**Work order:**
Repeat exactly what runs from the line with "工笔画草虫不会画？那是你没有学会画这些基本画法，简单易学！" through the last line of the material, and keep the pictures out of it.

**Recorded information:**
==========

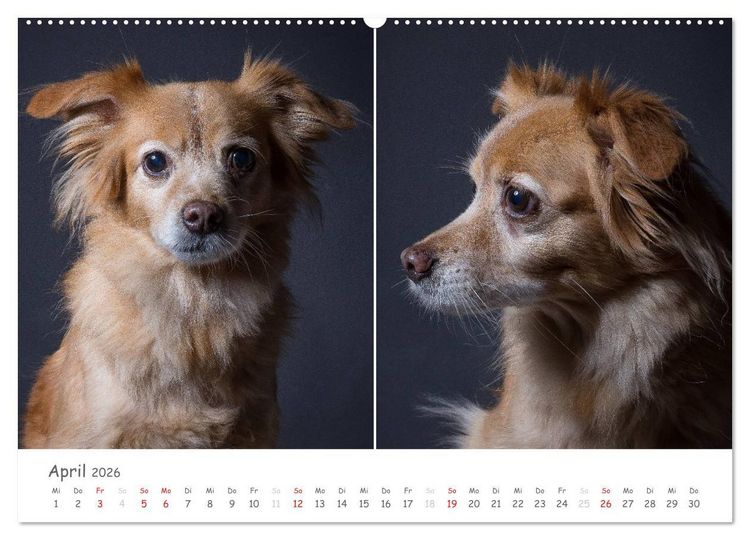 Produktbild: charakterstarke Hunde, wundersch&ouml;ne Hundeportraits (Wandkalender 2026 DIN A2 quer), CALVENDO Monatskalender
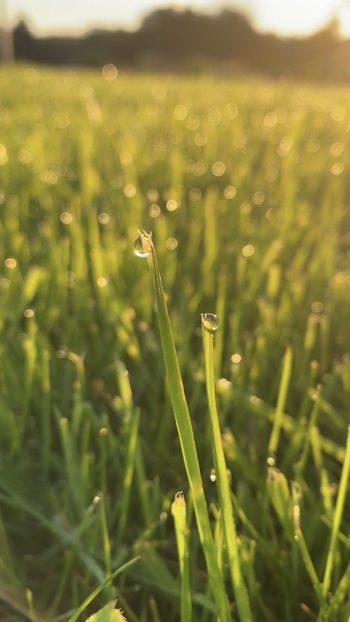turf grass with water droplets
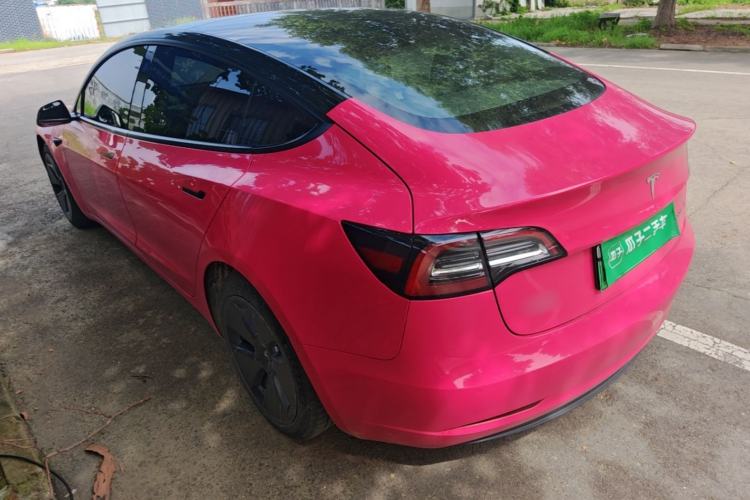 Used Tesla Model 3 2020 Standard Range Rear-Wheel Drive Upgraded Version Rear Left 45 Deg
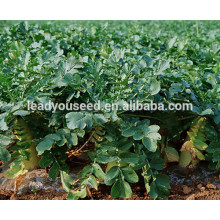 MR03 Xibai alta resistência ao frio sementes de rabanete longo para o plantio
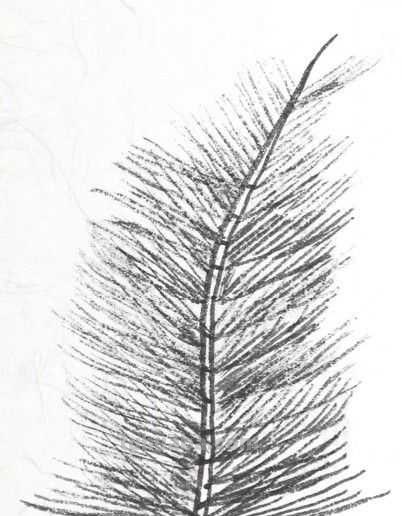 工笔画草虫不会画？那是你没有学会画这些基本画法，简单易学！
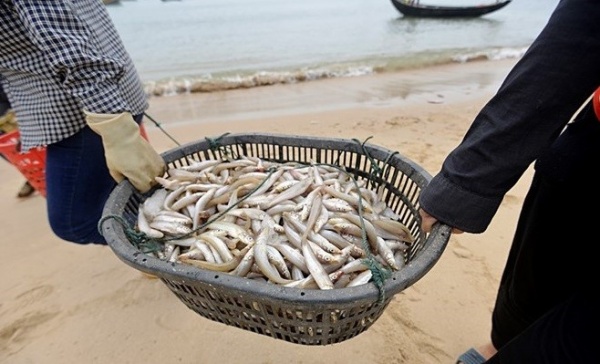 Không sử dụng hải sản ở tầng đáy của 4 tỉnh miền Trung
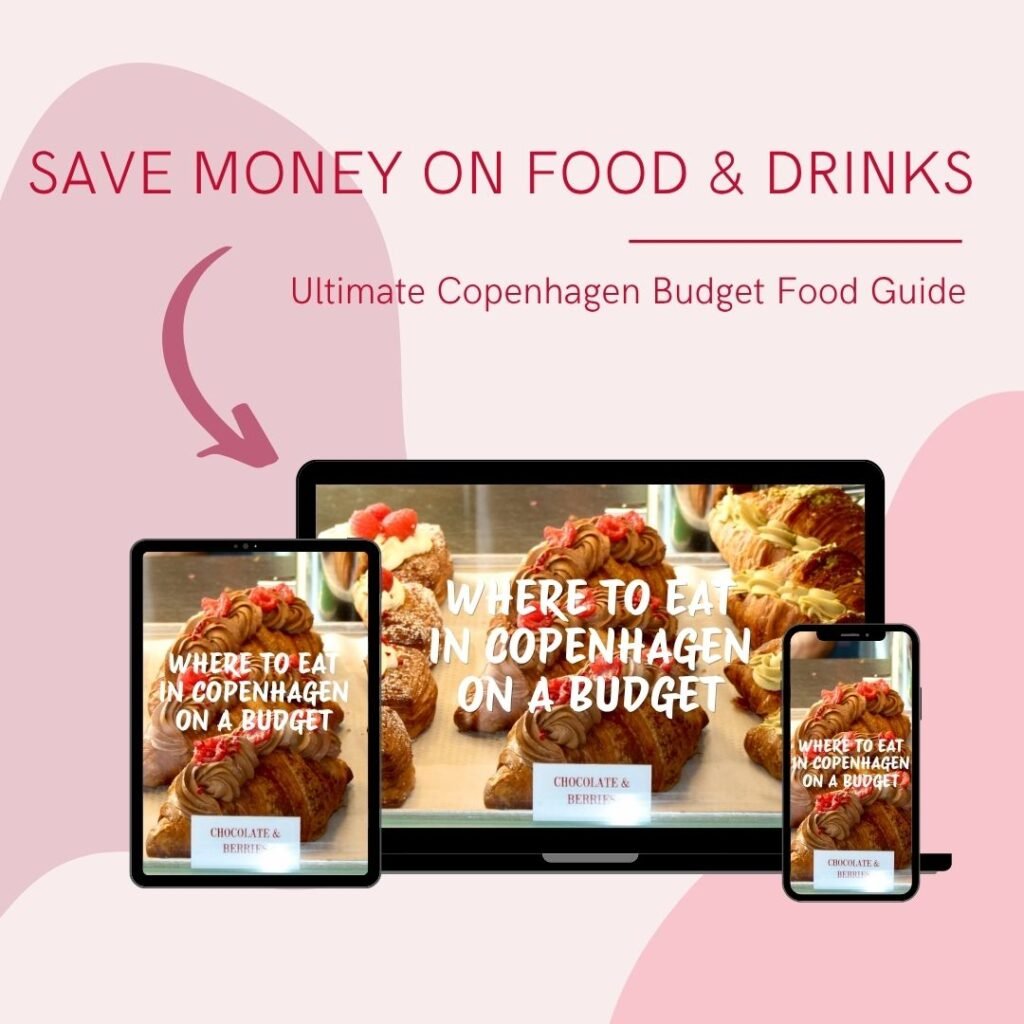 copenhagen budget food and drinks ebook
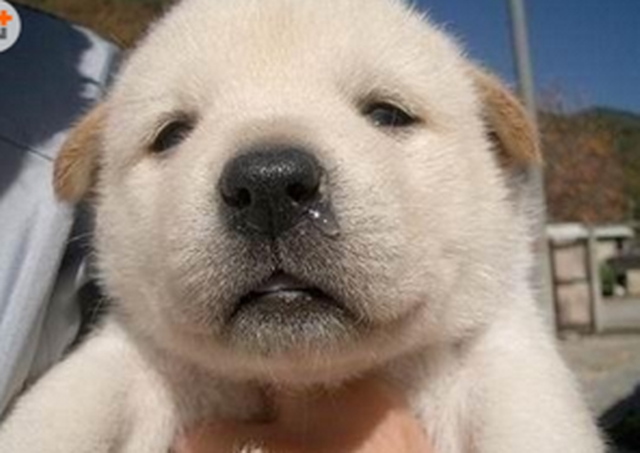 一旦感冒,就会出现打喷嚏,精神差,无食欲的症状,如果狗狗出现类似症状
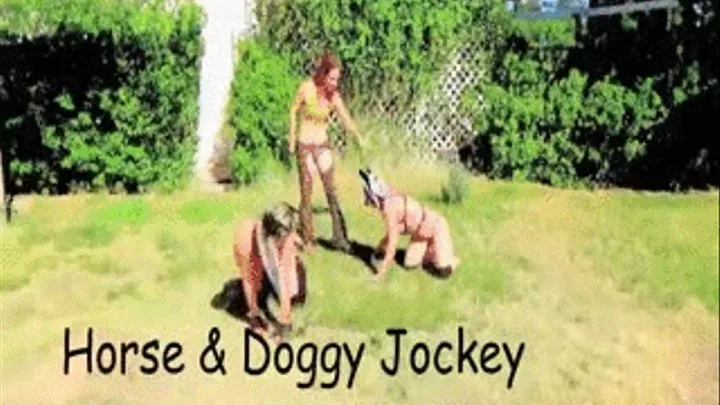 & Doggy Jockey - Part 2/2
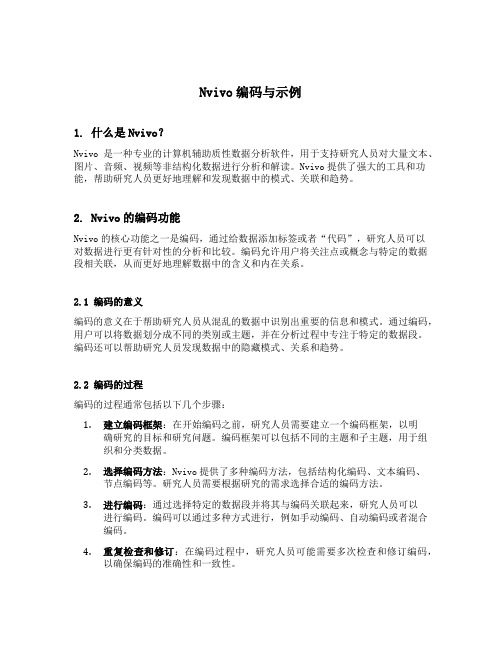 nvivo 编码与示例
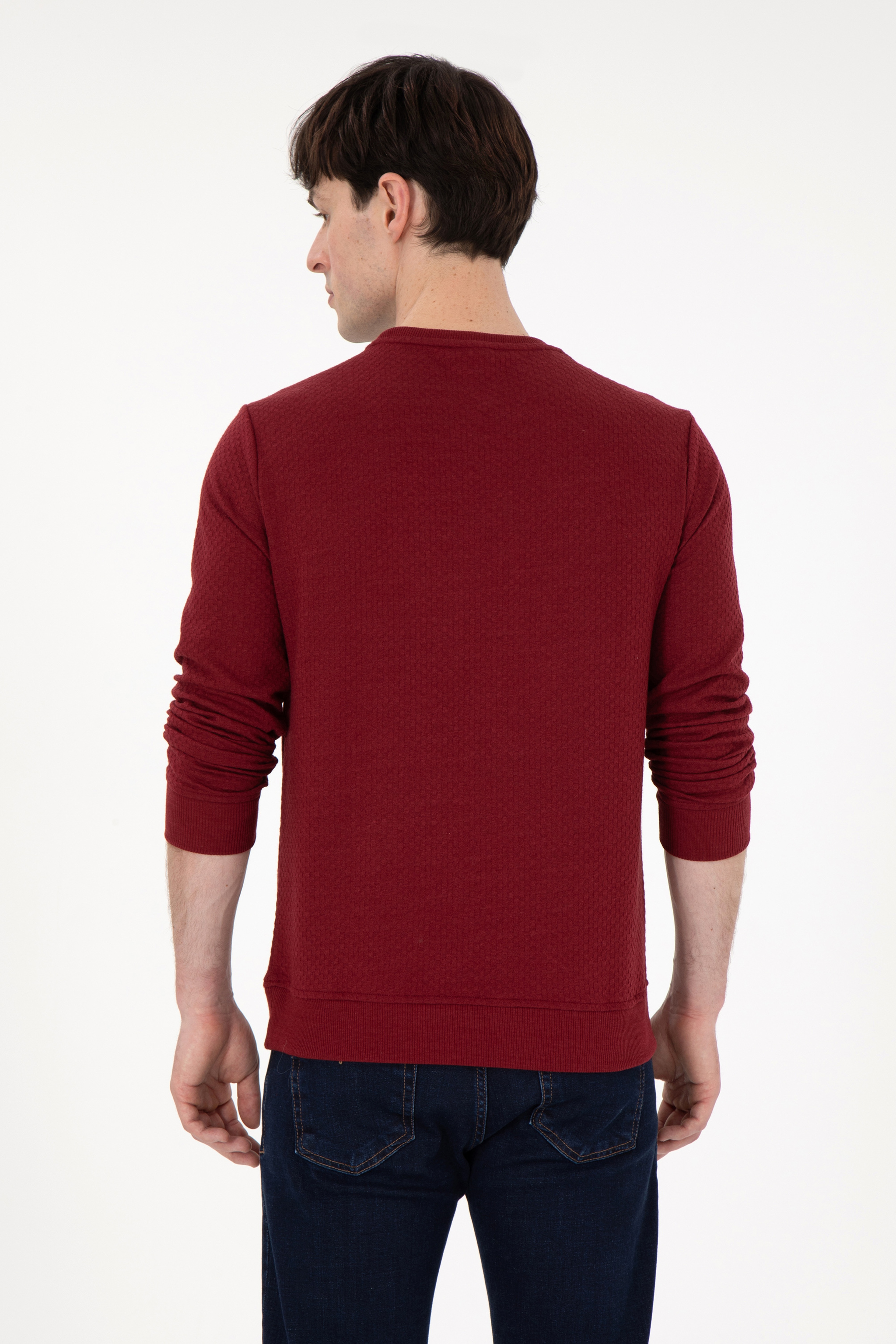 Erkek Regular Fit Bisiklet Yaka Bordo Sweatshirt - Image 5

==========

**Answer section:**
 工笔画草虫不会画？那是你没有学会画这些基本画法，简单易学！
 Không sử dụng hải sản ở tầng đáy của 4 tỉnh miền Trung
 copenhagen budget food and drinks ebook
 一旦感冒,就会出现打喷嚏,精神差,无食欲的症状,如果狗狗出现类似症状
 & Doggy Jockey - Part 2/2
 nvivo 编码与示例
 Erkek Regular Fit Bisiklet Yaka Bordo Sweatshirt - Image 5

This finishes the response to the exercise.